What needs to be done> Copy the data that follows exactly as it is, excluding all pictures.

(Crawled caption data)
------------------------------------------------------------------------

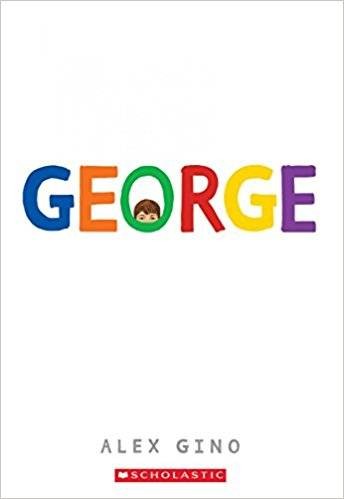 George by Alex Gino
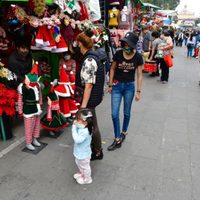 Impondrán multas a quienes realicen fiestas o reuniones de más de 10 personas en la CDMX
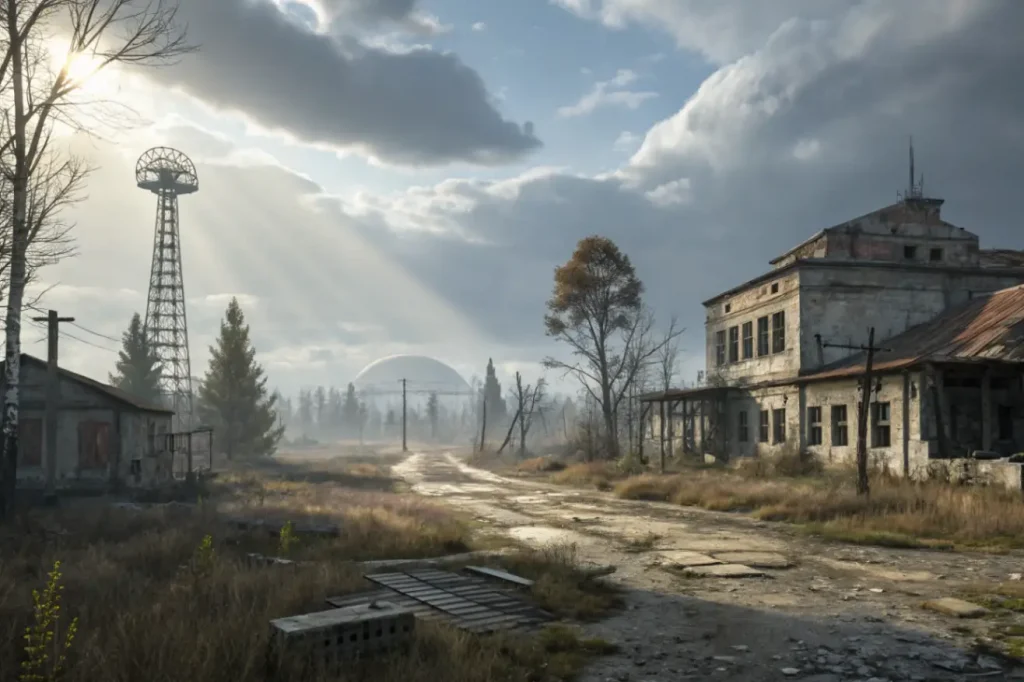 Что нового в вселенной S.T.A.L.K.E.R.: обновления, ремастеры и планы на DLC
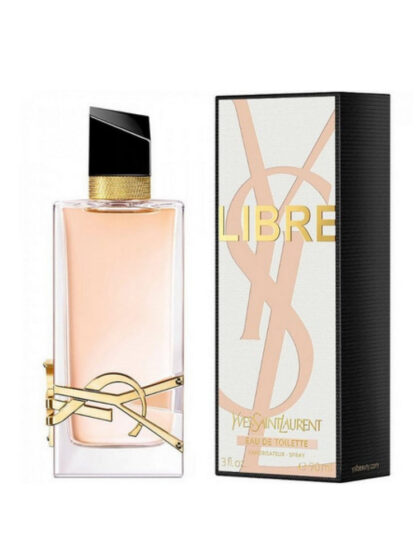YSL Libre EDT fragrance – product image 1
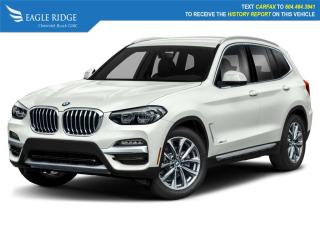 Used 2021 BMW X3 M40i for sale in Coquitlam, BC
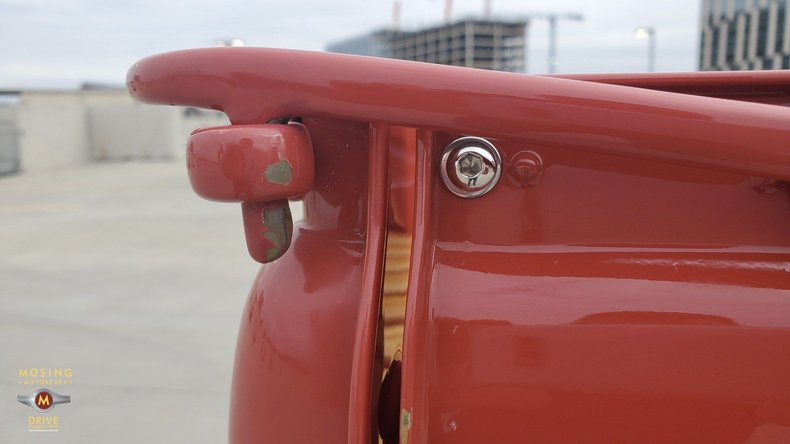 For Sale 1959 Volkswagen Single Cab pickup truck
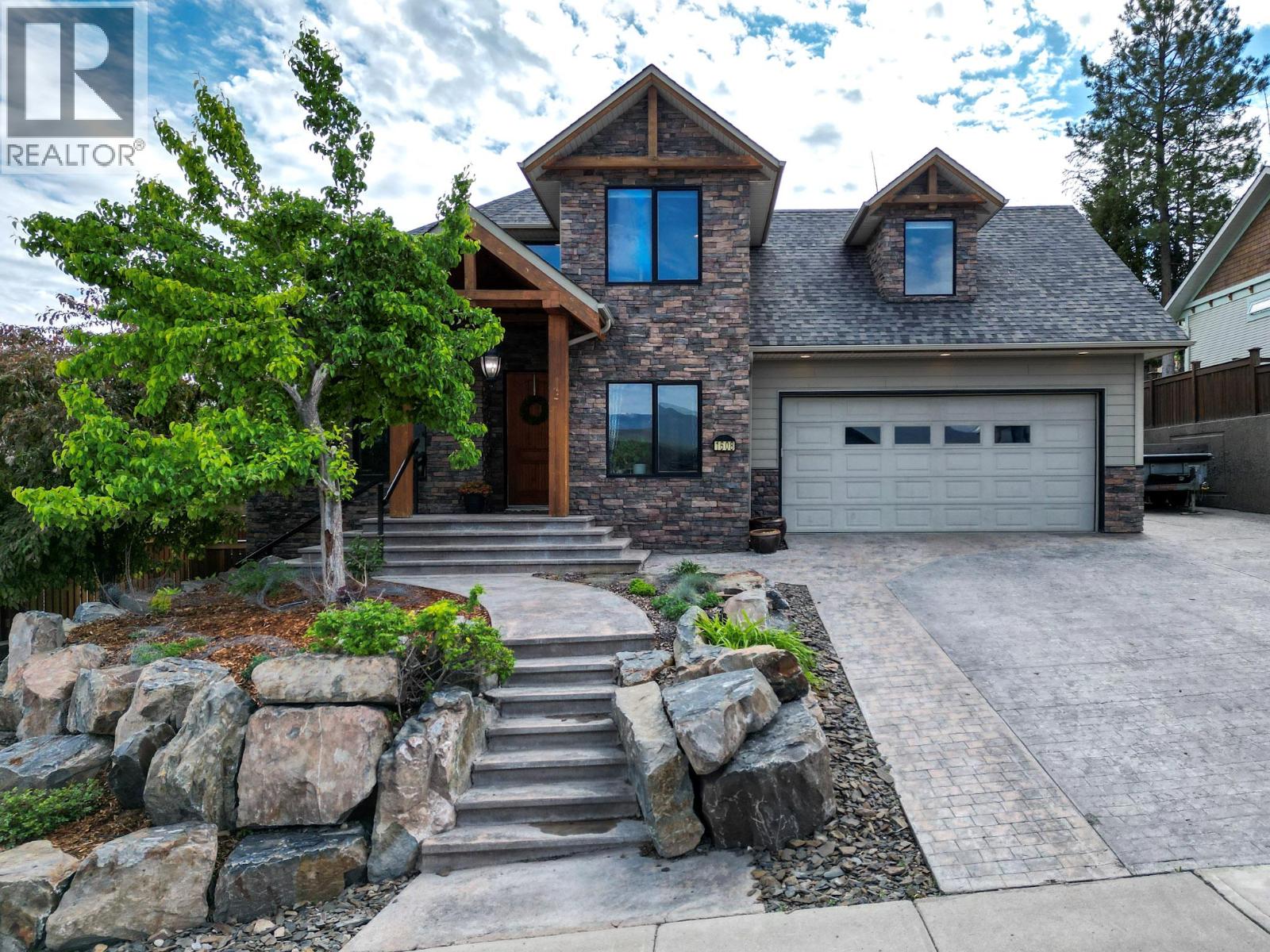 1608 1st Avenue S, Cranbrook, British Columbia V1C 6R6 - Photo 1 - 10389210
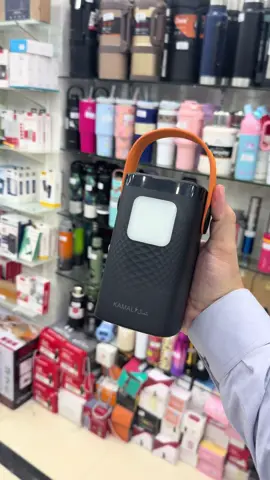 Imported 80000mAh Power Bank with Led Light #powerbank #gadgets #warsakimportedcollection #creatorsearchinsights 
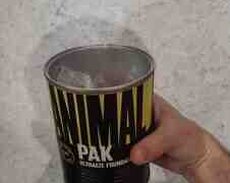 Vitamin Animal packs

------------------------------------------------------------------------

Response>
 George by Alex Gino
 Impondrán multas a quienes realicen fiestas o reuniones de más de 10 personas en la CDMX
 Что нового в вселенной S.T.A.L.K.E.R.: обновления, ремастеры и планы на DLC
YSL Libre EDT fragrance – product image 1
 Used 2021 BMW X3 M40i for sale in Coquitlam, BC
 For Sale 1959 Volkswagen Single Cab pickup truck
 1608 1st Avenue S, Cranbrook, British Columbia V1C 6R6 - Photo 1 - 10389210
 Imported 80000mAh Power Bank with Led Light #powerbank #gadgets #warsakimportedcollection #creatorsearchinsights 
 Vitamin Animal packs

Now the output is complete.